Queues operate just like stacks, except items are removed from the bottom instead of the top. A good physical analogy of this is the way a train conductor or newspaper boy uses a coin machine to give change: new coins are added to the tops of the piles, and change is given from the bottom of each. Some textbooks refer to this data structure as a “FIFO stack”.
Consider the following sequence of 14 operations:
- PUSH(A), PUSH(M), PUSH(E), POP(X), PUSH(R), POP(X), PUSH(I),
- POP(X), POP(X), POP(X), POP(X), PUSH(C), PUSH(A), PUSH(N)
If these operations are applied to a stack, then the values of the pops are: E, R, I, M, A and NIL. After all of the operations, there are three items still on the stack: the N is at the top (it will be the next to be popped, if nothing else is pushed before the pop command), and C is at the bottom.

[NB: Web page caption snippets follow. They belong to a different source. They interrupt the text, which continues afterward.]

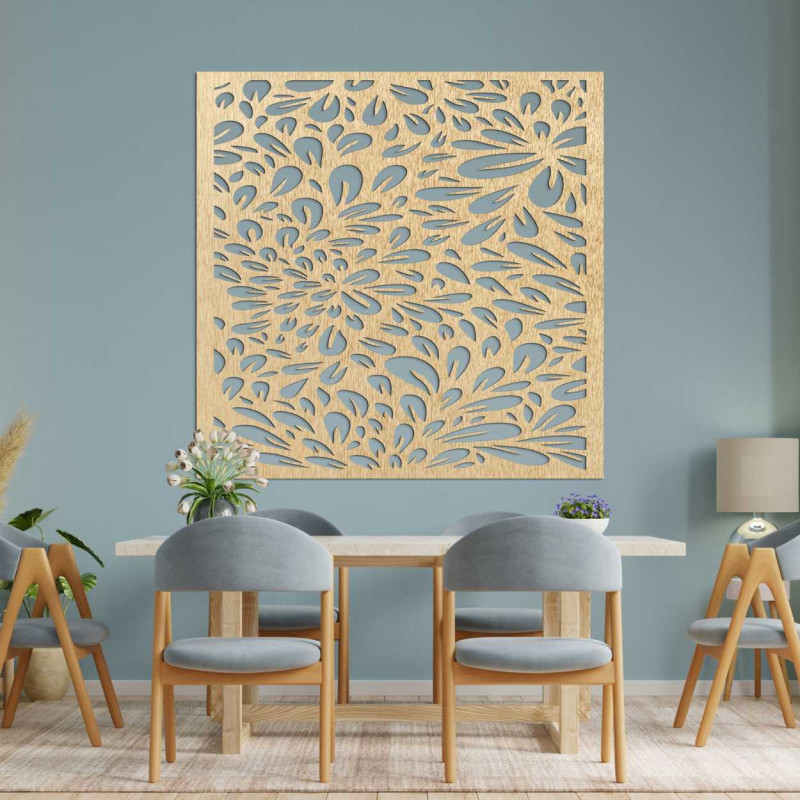 A design wall with a laser motif of a blooming flower made of wood.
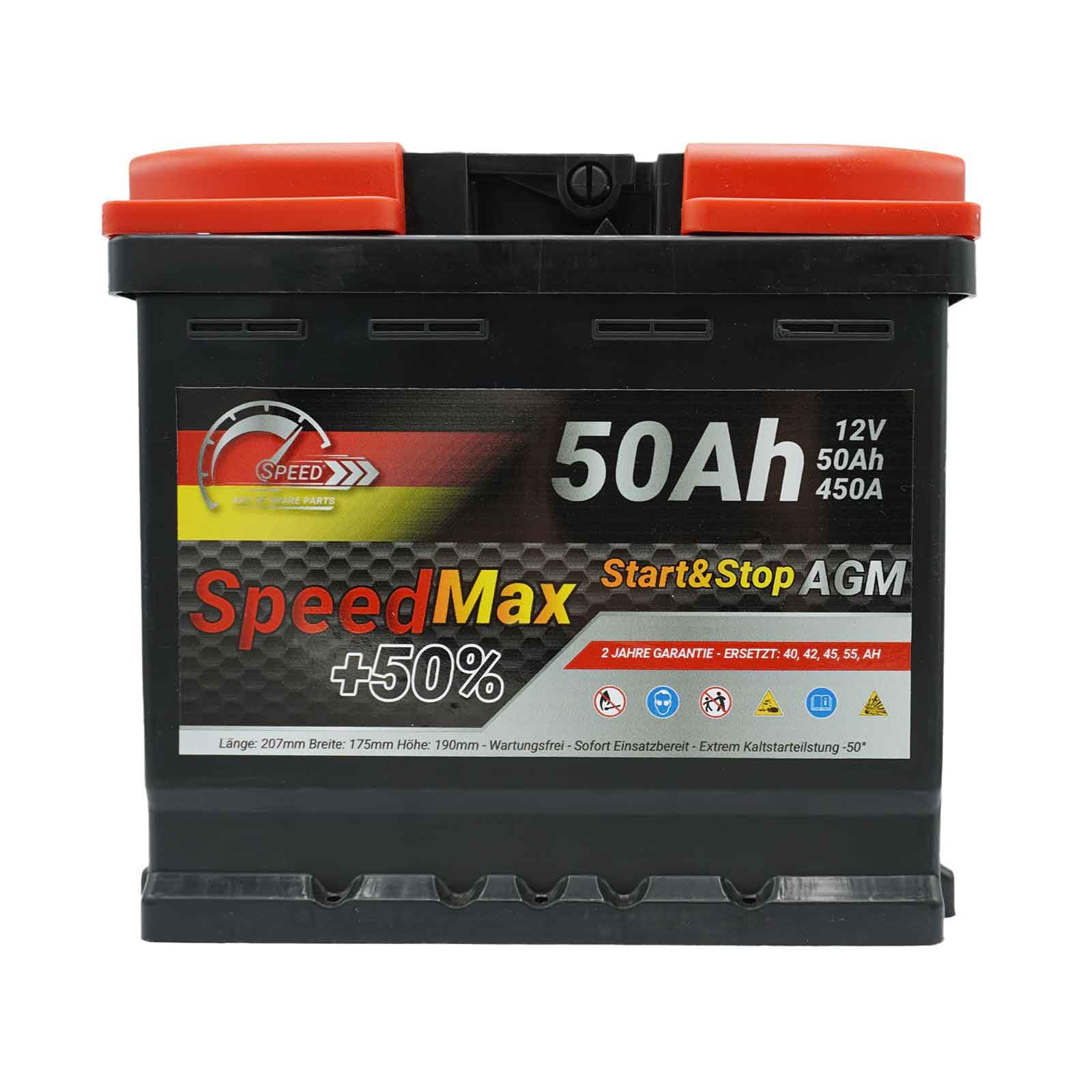 SpeedMax Batteria Auto 50Ah AGM 12V 540A Start&Stop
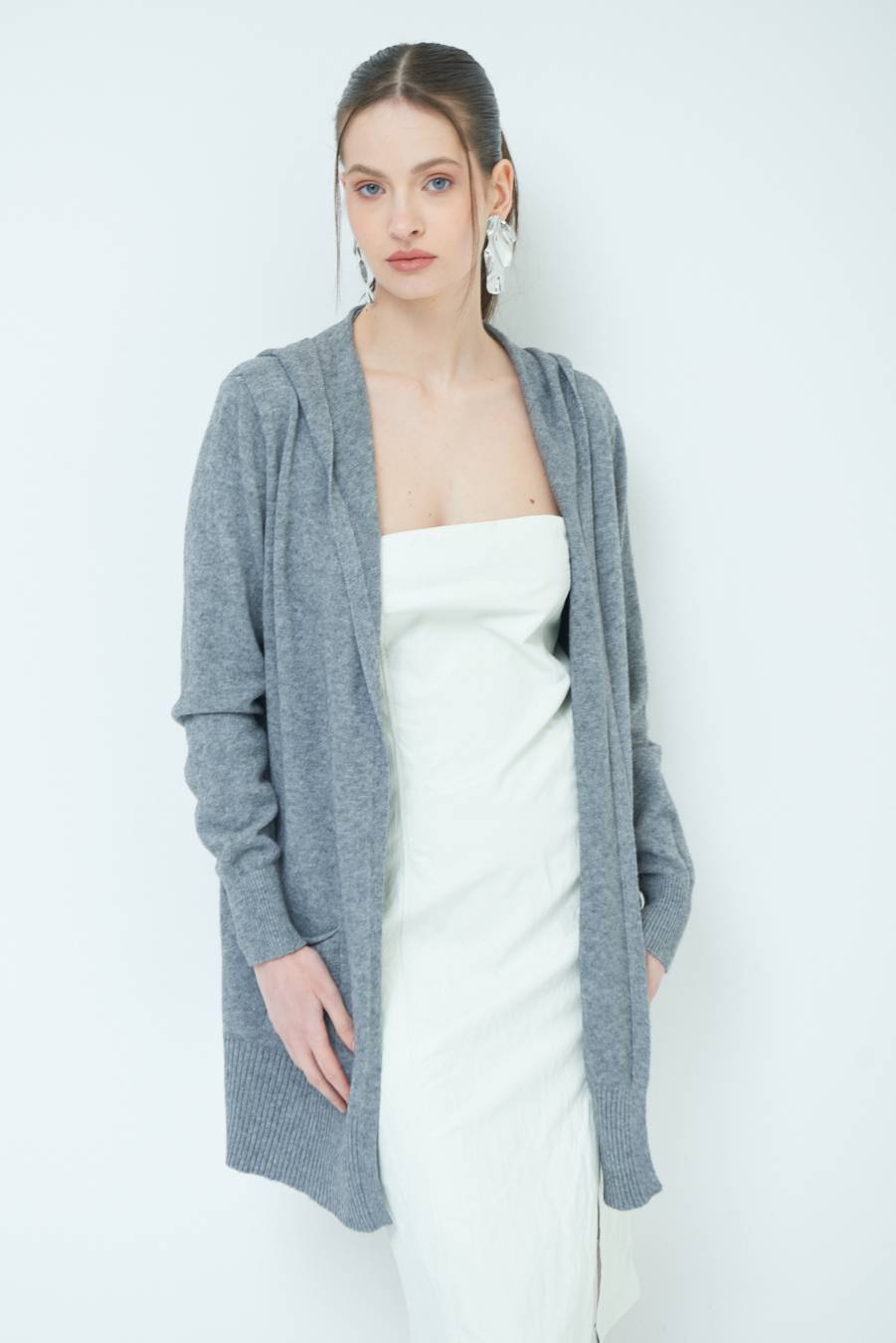 Kikisix CARDIGAN CON DUE TASCHE GRIGIO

If, instead of using a stack we used a queue, then the values popped would be: A, M, E, R, I and NIL. There would be three items still on the queue: N at the top and C on the bottom. Since items are removed from the bottom of a queue, C would be the next item to be popped regardless of any additional pushes. Sometimes the top and bottom of a queue are referred to as the rear and the front respectively. Therefore, items are pushed/enqueued at the rear of the queue and popped/dequeued at the front of the queue. There is a similarity to the Britsh “queueing up”.
Trees, in general, use the following terminology: the root is the top node in the tree; children are the nodes that are immediately below a parent node; leaves are the bottom-most nodes on every branch of the tree; and siblings are nodes that have the same immediate parent.
A binary search tree is composed of nodes having three parts: information (or a key), a pointer to a left child, and a pointer to a right child. It has the property that the key at every node is always greater than or equal to the key of its left child, and less than the key of its right child.
The following tree is built from the keys A, M, E, R, I, C, A, N in that order:
The root of the resulting tree is the node containing the key A; note that duplicate keys are inserted into the tree as if they were less than their equal key. The tree has a depth (sometimes called height) of 3 because the deepest node is 3 nodes below the root. The root node has a depth of 0. Nodes with no children are called leaf nodes; there are four of them in the tree: A, C, I and N. An external node is the name given to a place where a new node could be attached to the tree. In the final tree above, there are 9 external nodes; these are not drawn. The tree has an internal path length of 15 which is the sum of the depths of all nodes. It has an external path length of 31 which is the sum of the depths of all external nodes. To insert the N (the last key inserted), 3 comparisons were needed against the root A (>), the M (>), and the R (≤).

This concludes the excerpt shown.